Dunedin could become the epicentre of video game development in New Zealand if an Otago Polytechnic plan gets off the ground.
The polytechnic wants to set up a base in Dunedin's central city and is in the planning stages for a "work-based learning facility" with the working title Dunedin School of Games.
Chief executive Megan Gibbons said the scale of the project would depend on ongoing talks with the school's partners.
But the plan was for students to be immersed in Dunedin's growing gaming sector.
The new off-campus base could be developed near the New Zealand Centre of Digital Excellence (Code), which at present was in Stafford St, Dr Gibbons said.

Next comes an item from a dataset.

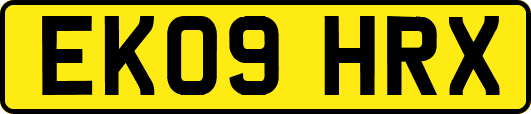 EK09HRX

It would need to be a "multi-player game", but planning remained highly fluid and so the size of the facility would depend on the ongoing discussions, she said.
The polytechnic has approached Dunedin City Council for help to both find and fund its new base.
It asked for $300,000 from the council in a submission to its long-term planning process.
There was some urgency because the University of Canterbury was doing something "very similar" in a bid to make Christchurch the city for gaming development, Dr Gibbons said.
At present, no other polytechnics, or institutes of technology, in New Zealand had established such a high level of integration with the gaming industry.
This was a clear opportunity for the polytechnic to take a leadership role and provide an "incubator environment" for local independent game development, she said.
"Learners would graduate not only with the wider skills and knowledge within [the polytechnic's] degree programmes, but also be armed with a more specific portfolio of skills and experience tailored to the games industry."
The polytechnic would bolster its degree offerings and add a level 4 certificate in digital media and design, she said.
Because the project was in its early stages, Dr Gibbons could not give a timeline for its completion.